WORCESTER — Founded nearly 200 years ago, the EcoTarium has seen plenty of change. The science and nature center began as a membership-based society to share specimens collected from around the world. Today it is one of New England’s premier destinations for families and a key support to STEM education in Central Massachusetts.

Sherri Pitcher’s appointment as the new chair of EcoTarium’s board of directors signifies further advancements in the cultural institution’s forward-thinking evolution.

“We are using this time of hibernation to plan strategically,” she says. The EcoTarium has temporarily put a hold on onsite visits and programming in response to the dangers posed by the pandemic. “We have been taking advantage of this pause to reimagine and reinvent ourselves to be the type of institution this community needs and wants at this time. We’re on two parallel paths. One, we are staying connected with members and the community through programming and, two, we are also looking to emerge from this pandemic knowing that things have changed.”

Pitcher’s expertise and enthusiastic engagement with the Central Massachusetts community establish her as a valued leader. She is senior vice president and chief design officer at Fidelity Bank. Prior to that appointment, she served as senior director of business development for the Worcester Regional Chamber of Commerce.

Pitcher’s involvement with the EcoTarium began back when both of her children, now grown, attended EcoTarium summer camps. In 2006 she took over the organization of the gala fundraisers and in 2011 she became a corporator at the institution. The board of directors elected her to serve in 2014. She recently stepped into the role of board chair and will be formally appointed in May.

Considered a “caring and collaborative leader” in the region, Fidelity Bank President and COO Christopher McCarthy is one of many who value Pitcher’s effective problem solving in this critical period.

“Sherri is very grounded in Central Massachusetts and is passionate about the EcoTarium and this city,” says EcoTarium President and CEO Lucy Hale, who cites their effective and collegial working relationship as dual leaders of the institution.

“She’s very much in tune with what’s happening here in Worcester and across Central Massachusetts. She’s really, really brilliant and very thorough in the research she does before making any decision. I trust her opinion and thoughts immensely. And…she’s a really good person.”

While the EcoTarium is on solid footing due to the board’s vigorous fundraising outreach in 2020 and its recent work on a strategic plan, the country and the institution anticipate significant changes post-pandemic.
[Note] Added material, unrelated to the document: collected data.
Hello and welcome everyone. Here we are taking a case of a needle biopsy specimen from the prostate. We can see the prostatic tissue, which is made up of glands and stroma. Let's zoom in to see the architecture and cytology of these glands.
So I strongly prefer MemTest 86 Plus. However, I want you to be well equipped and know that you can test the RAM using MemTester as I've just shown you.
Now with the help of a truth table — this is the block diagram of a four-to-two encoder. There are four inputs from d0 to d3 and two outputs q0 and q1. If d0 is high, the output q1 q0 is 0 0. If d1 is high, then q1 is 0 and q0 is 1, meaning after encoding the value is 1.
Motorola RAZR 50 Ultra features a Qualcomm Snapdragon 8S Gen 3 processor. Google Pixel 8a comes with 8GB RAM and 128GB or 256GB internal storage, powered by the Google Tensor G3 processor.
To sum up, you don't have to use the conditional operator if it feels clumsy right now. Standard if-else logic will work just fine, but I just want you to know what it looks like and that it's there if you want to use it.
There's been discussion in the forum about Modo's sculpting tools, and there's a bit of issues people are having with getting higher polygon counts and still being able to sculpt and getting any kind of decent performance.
“We’re connecting with stakeholders now,” says Pitcher. “We’d done it before but we’re reconnecting now that things are changing. There exists a different comfort level with people,” she says. “We’re very much a hands-on experience with science and nature. We also have a huge outdoor campus with live animals. We are now looking at how we balance those experiences. Our behaviors have changed, definitely in the short term. We are asking — How do we modify because of that shift?”
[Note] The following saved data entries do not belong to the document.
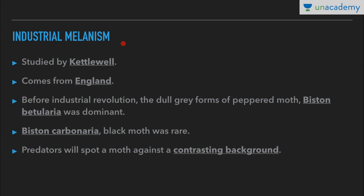The first example is industrial melanism. This phenomenon was studied by Kettlewell and it comes from England. Before the industrial revolution, the dull grey form of the peppered moth, Biston betularia, was dominant — it had grey and white wings.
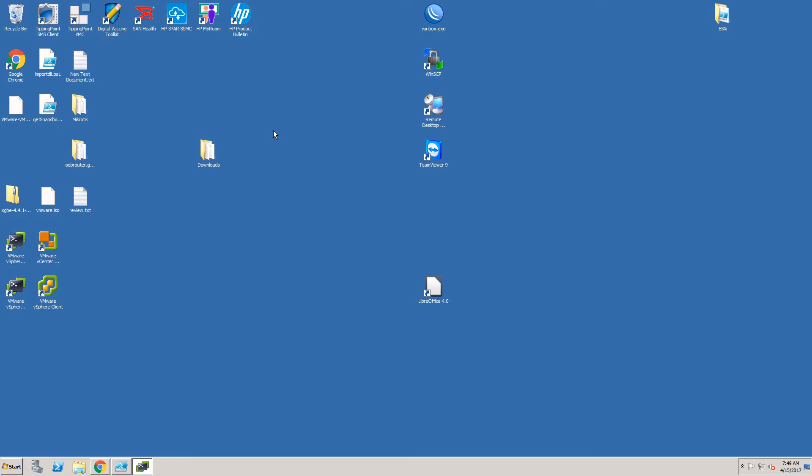For creating a custom ESXi installation image you need a Windows based workstation with VMware PowerCLI installed.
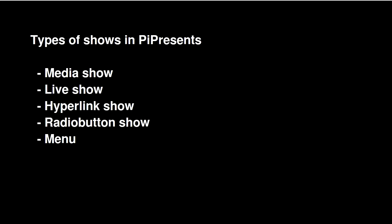It can do different types of shows. The one I'm familiar with is the media show. These other kinds of shows I haven't really used much. The live show runs off a specific folder, so I haven't tried it much. And it can run a menu.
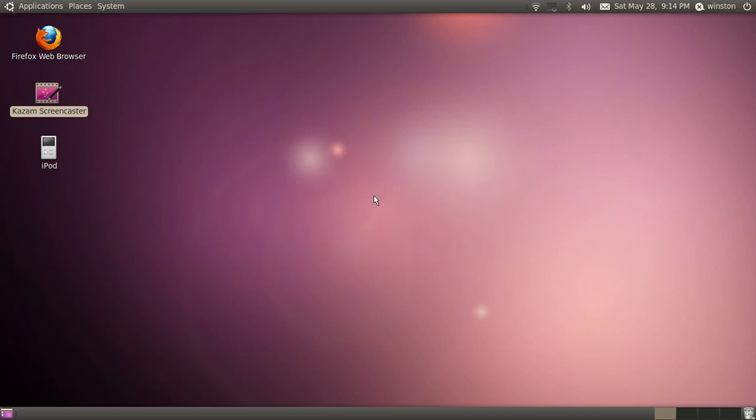Hello YouTube, this is your Ubuntu here again and in this video I'll be telling you why I use Ubuntu 10.04 Lucid Lynx instead of Windows 7 Ultimate, Home, or Home Premium or something like that.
Pitcher was born and raised just outside of Worcester, in West Boylston. She and her family have been big fans of the EcoTarium, in part because both of her children love science and nature. Now she joins with the institution’s president, Lucy Hale, to lead a strategic rethinking of the EcoTarium’s role in the broader New England community.

“Worcester has a lot of female leaders — CEOs and presidents,” says Hale. “And this is only the second time in the EcoTarium’s almost 200-year history that we have appointed women to serve as both the board chair and the institution’s president and CEO. Two women leaders is an inspiration in this industry. I hope young girls see themselves in us.”